One man’s nightmare journey across one of the ‘Deadliest Stretches of Water’

Increasing Numbers of Bangladesh Die While Trying to Get to Malaysia

By: Ahidul Islam

“In front of my eyes 19 people died, including my uncle. I set the body of my uncle float in the rough salt-water of the sea,” Sirajul Islam said with tearful eyes.

“My uncle was not buried in land, our family never offered flowers wishing ever lasting peace for his soul,” he kept crying and saying. Islam, 29, talked in his furniture shop at Khutakhali Bazar, in Cox’s Bazar district in Bangladesh’s coastal Chittagong Division. The shop was filled with beautifully designed wooden furniture. 

Taking a deep breath, Islam went back three years ago to remember when he was on a fishing boat bound for Malaysia.
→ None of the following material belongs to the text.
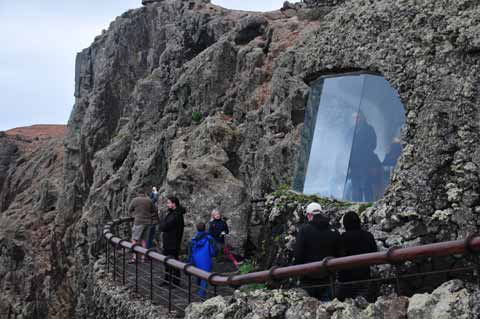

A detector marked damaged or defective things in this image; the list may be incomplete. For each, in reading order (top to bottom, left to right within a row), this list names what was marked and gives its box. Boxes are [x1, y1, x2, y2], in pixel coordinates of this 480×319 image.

rusty metal rail [104, 218, 480, 312]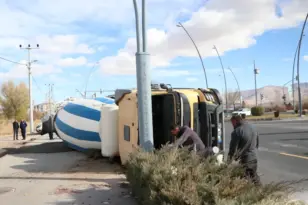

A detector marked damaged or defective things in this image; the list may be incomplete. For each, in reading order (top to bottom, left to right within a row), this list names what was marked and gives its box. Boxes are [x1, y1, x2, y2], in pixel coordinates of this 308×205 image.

overturned concrete mixer truck [39, 83, 225, 165]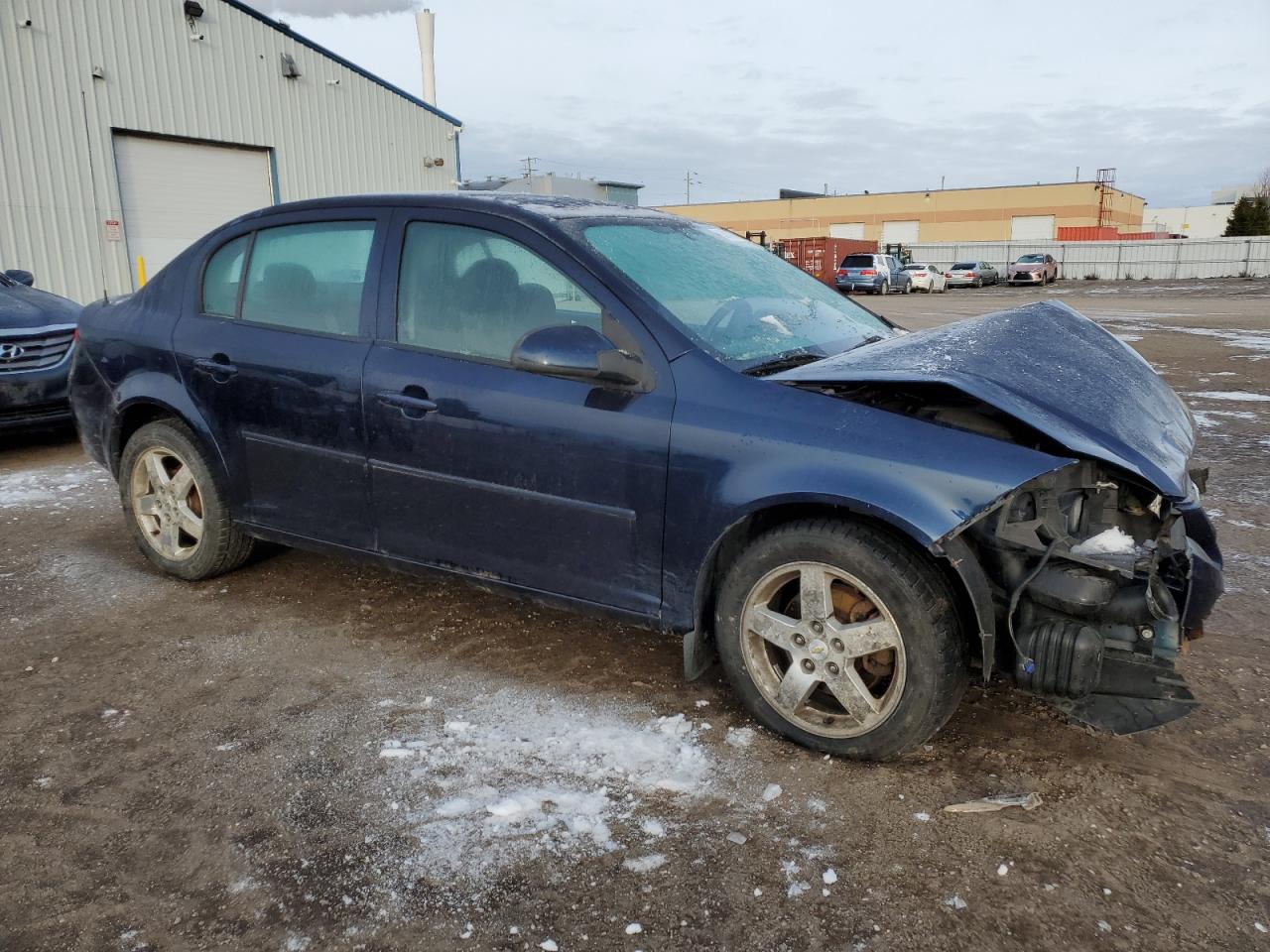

It started with a promise.

“One day a customer came to me wanting to buy a couch. He told me that I could earn triple of money if I did the same work in Malaysia,” remembered Sirajul Islam. 

“He promised me that only 20 thousand taka could fulfill my dream. He told me his name was Atik,” said Islam. Thus he and his uncle started their dream journey with human trafficker Atik.

“We gave him 35 thousand taka in the last week of March, which was a dark night, we set out by boat; we stayed two days at Sonadiaya Island,” he said. There, on the small island 9 kilometers off shore, he found 91 other people waiting to make the journey. 

According to the UNHCR, an estimated 13,000 people among them the Rohingya from western Myanmar as well as Bangladeshi nationals left the Bay of Bengal on smugglers' boats in 2012, headed for jobs in Malaysia in 2012. Many never survive the rough seas on often rickety boats.

Some 485 people are reported to have drowned in four boat accidents in the Bay of Bengal that year, though the real death toll is believed to be much higher,” a recent United Nation report states.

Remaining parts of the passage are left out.